The Wasatch Behind: the New Year's resolution deserves a revolution
The year 2005 is finally gone, and good riddance. It's always nice to put up a new calendar and make a fresh start. The beginning of a new year is a chance to start over again and get it right the next time.
In the past, I haven't been very good at keeping New Year's resolutions. My resolve lasts about as long as my line of credit at the liquor store. So, this year I've decided to do something different. I'm making New Year's resolutions for other people. It's a novel idea. I call it a resolution revolution. Pay attention, you might be on my list.
First, to the lady who always seems to be in front of me at the checkout line. Please resolve to dig through your purse and find your checkbook and pen before the clerk finishes totaling your groceries. You always look so surprised when it's time to pay. And then you make 17 of us, who are standing in line, watch and wait while you paw through the deep, dark recesses of your forty-pound handbag. I know it's a small thing, but if you would just find your stuff while it's your turn to wait in line, it would sure help my blood pressure.
And then, to the big, healthy young guy who parks his 4x4 right up against the building. Have you ever noticed that when you do that, the little old ladies must park in the middle of the lot and then negotiate through the ice and snow? Chivalry is not dead, in spite of what Beavis and Butthead might have taught you on TV. Sir Walter Raleigh put his coat over a puddle for a lady. The very least you can do is to park out by the snow bank and let grandma have the place up front.
To the young girl who dresses lightly top and bottom with no clothing in the middle. The butterfly tattoo on your derriere is impressive, but I can only see part of it. How about covering it up so I don't have to wonder what the rest of it looks like? Or, since you are proud enough to give strangers a peek, why not just set the butterfly free? You choose.

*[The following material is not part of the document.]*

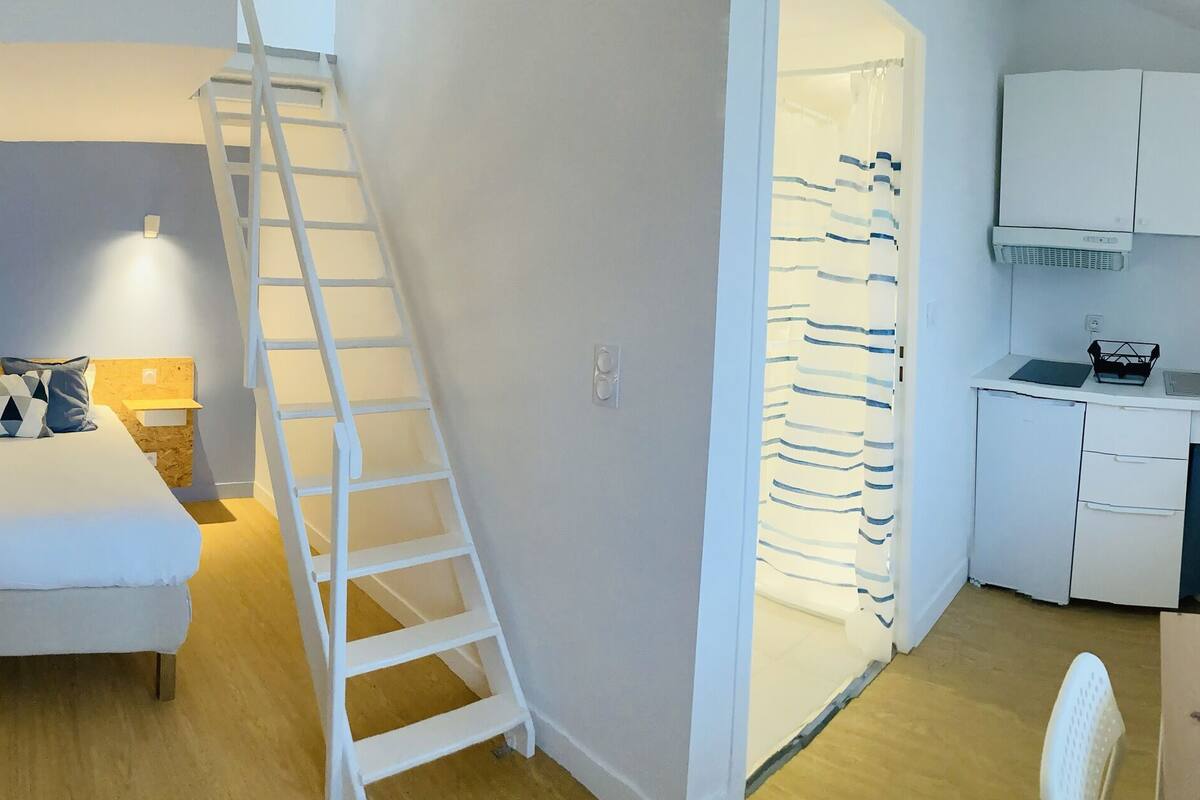Habitación de hotel compacta con cama, escritorio, televisor, escalera y kitchenette.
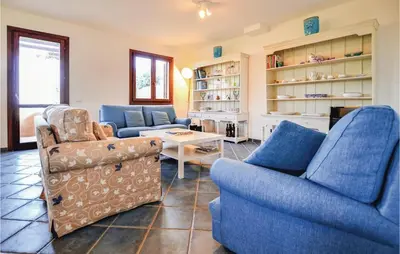 a living room with two blue chairs and a table at Villa Joly in Terrasini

To the people who don't know, most cars are equipped with a turn indicator. We call it a signal light. A signal light is a safety device. It is also a courtesy to let others know your intentions so they don't have to wait and guess what you intend to do at the intersection.
To the mother who doesn't buckle her kids up in the car. For Pete's sake, take advantage of the child seat law. It's the only time it's legal to tie the little buggers up.
To the people who interrupt public gatherings with the William Tell overture blasting from cell phones. I wish you bunnions on your ears.
To the people who drive with cell phones stuck to their heads. Do us all a favor. Fill out an organ donor card and keep your insurance premiums paid. To the people who are always late for meetings, church, or the start of the picture show, please set your life forward about fifteen minutes. It's like keeping a full tank of gas. It doesn't cost any more to run on full than it does to run on empty. It only takes a little more effort.
And then, to the people who worked Christmas and New Years keeping our streets safe and our lights on. I salute you. How many of us have hugged a cop, a firefighter, a hospital pink lady, or a soldier lately? If not, you had better get with it. It is my firm resolution that we all show more appreciation to the people who sacrifice to serve us. Schoolteachers, utility workers, the highway department, and the garbage man too, deserve our respect and our smiles. Let's smother them with kindness in 2006.
What goes around comes around, Uncle Spud always says.